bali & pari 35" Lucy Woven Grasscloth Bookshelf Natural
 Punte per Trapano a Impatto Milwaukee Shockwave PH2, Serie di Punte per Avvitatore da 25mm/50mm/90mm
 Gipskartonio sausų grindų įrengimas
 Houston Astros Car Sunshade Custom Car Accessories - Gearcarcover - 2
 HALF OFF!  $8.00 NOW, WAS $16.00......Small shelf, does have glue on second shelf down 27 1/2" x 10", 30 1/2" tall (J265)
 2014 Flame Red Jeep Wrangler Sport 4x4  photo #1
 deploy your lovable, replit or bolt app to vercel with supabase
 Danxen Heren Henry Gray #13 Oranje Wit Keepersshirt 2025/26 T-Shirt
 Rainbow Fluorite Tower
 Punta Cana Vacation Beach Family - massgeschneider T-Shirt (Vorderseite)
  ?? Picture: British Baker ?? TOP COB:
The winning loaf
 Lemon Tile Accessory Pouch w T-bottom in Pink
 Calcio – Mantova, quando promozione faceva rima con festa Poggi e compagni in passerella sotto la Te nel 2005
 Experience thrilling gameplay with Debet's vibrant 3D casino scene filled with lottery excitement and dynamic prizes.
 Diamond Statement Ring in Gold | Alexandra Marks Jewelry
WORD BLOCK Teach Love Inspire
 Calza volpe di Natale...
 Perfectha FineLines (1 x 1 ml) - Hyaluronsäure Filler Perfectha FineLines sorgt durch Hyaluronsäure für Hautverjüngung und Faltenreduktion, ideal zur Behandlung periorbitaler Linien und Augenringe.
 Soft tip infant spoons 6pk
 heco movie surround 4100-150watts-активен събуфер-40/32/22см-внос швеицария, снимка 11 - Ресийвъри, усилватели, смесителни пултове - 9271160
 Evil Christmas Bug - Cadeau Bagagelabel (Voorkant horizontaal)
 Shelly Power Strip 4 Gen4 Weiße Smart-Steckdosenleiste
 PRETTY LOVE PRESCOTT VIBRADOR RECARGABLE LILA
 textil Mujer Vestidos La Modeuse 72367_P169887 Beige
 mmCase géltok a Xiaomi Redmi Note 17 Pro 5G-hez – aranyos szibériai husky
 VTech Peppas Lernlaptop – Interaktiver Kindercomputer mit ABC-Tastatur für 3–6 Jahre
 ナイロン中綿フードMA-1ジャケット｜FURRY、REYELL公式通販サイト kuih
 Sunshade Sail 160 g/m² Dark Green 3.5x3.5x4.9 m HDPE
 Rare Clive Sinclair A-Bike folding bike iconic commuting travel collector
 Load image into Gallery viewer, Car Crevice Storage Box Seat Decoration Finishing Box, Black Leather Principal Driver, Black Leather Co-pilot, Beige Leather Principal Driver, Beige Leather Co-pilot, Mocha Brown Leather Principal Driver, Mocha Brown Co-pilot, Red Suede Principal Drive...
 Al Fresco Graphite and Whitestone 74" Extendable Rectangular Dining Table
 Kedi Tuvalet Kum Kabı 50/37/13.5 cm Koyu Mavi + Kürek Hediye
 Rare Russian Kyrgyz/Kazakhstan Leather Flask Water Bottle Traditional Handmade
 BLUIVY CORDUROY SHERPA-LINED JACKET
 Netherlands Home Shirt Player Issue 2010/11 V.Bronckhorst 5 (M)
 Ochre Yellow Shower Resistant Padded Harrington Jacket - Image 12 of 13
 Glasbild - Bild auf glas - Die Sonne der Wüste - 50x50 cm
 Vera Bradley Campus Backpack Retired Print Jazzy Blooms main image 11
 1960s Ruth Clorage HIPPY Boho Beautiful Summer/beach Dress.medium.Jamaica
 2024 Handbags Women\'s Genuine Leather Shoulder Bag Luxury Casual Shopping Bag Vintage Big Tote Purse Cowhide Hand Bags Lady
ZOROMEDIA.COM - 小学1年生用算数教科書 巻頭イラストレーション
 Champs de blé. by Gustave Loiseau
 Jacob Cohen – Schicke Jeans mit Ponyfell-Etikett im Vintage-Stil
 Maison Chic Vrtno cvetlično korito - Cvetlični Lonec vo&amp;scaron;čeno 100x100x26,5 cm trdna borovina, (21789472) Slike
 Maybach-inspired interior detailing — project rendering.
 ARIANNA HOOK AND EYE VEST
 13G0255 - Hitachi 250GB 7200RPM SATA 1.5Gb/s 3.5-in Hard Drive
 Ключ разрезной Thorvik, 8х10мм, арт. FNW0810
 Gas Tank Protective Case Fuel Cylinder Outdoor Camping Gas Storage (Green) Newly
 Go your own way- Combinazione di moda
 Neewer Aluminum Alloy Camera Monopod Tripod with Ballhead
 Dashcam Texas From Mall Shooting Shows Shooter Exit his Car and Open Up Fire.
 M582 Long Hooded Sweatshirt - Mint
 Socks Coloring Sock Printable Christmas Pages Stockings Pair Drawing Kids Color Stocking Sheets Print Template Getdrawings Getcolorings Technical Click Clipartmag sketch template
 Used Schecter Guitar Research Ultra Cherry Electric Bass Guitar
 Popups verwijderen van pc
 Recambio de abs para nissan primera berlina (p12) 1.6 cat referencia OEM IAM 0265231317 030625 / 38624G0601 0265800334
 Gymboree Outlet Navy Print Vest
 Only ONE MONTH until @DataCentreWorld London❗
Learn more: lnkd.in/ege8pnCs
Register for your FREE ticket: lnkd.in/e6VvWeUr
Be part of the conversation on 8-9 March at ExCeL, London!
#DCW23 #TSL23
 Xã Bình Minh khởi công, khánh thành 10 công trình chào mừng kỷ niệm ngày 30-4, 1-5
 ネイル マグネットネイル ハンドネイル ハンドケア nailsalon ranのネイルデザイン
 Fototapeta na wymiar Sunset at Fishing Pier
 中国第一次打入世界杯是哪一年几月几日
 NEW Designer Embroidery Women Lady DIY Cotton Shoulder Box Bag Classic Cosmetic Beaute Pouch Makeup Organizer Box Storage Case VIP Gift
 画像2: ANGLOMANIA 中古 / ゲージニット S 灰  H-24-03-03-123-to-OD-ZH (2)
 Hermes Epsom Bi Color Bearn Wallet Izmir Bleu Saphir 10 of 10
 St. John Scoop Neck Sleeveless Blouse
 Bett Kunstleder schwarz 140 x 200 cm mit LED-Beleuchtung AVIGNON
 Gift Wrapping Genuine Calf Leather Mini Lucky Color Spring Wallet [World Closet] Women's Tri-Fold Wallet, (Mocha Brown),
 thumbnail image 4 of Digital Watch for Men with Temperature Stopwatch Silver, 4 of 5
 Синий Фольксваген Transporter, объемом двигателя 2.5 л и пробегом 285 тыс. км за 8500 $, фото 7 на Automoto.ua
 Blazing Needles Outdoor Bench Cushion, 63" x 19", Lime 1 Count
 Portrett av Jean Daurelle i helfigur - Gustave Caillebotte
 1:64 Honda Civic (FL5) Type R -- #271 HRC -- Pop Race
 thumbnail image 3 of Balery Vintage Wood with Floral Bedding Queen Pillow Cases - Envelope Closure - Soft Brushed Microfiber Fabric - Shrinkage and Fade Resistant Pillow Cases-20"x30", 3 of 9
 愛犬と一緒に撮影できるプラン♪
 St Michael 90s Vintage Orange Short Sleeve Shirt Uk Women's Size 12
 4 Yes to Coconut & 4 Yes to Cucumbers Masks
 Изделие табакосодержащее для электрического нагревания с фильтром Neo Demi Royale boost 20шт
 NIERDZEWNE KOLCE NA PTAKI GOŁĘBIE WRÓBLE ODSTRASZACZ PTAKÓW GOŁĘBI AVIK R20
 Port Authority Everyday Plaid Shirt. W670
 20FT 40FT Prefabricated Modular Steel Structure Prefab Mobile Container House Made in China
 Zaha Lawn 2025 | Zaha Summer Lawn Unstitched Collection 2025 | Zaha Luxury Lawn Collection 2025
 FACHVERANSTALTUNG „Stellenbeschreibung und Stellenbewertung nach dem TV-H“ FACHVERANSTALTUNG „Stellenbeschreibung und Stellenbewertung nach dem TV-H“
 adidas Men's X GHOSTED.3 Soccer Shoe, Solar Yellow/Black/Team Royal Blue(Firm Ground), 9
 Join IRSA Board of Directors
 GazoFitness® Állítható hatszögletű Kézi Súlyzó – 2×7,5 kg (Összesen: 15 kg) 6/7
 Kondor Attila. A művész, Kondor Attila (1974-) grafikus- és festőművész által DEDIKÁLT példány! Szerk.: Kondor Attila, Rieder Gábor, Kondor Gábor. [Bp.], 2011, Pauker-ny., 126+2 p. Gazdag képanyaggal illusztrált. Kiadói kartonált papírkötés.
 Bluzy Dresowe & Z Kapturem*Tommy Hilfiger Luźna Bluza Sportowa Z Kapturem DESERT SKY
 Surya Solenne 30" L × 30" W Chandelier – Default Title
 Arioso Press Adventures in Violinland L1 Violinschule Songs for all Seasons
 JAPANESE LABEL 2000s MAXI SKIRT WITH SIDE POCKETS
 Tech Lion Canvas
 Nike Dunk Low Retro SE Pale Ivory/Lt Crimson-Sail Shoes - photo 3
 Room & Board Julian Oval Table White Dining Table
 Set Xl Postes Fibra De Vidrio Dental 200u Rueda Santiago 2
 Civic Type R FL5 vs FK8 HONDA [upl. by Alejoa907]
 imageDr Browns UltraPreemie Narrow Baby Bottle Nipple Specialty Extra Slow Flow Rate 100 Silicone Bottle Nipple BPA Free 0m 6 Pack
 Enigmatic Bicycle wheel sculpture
- - - - -
▶ **Task requirements**:
Reprint exactly the lines above that start at the one with "Rainbow Fluorite Tower" and end at the one with "Calcio – Mantova, quando", keeping both and adding none.

▶ **Result of this exercise**:
 Rainbow Fluorite Tower
 Punta Cana Vacation Beach Family - massgeschneider T-Shirt (Vorderseite)
  ?? Picture: British Baker ?? TOP COB:
The winning loaf
 Lemon Tile Accessory Pouch w T-bottom in Pink
 Calcio – Mantova, quando promozione faceva rima con festa Poggi e compagni in passerella sotto la Te nel 2005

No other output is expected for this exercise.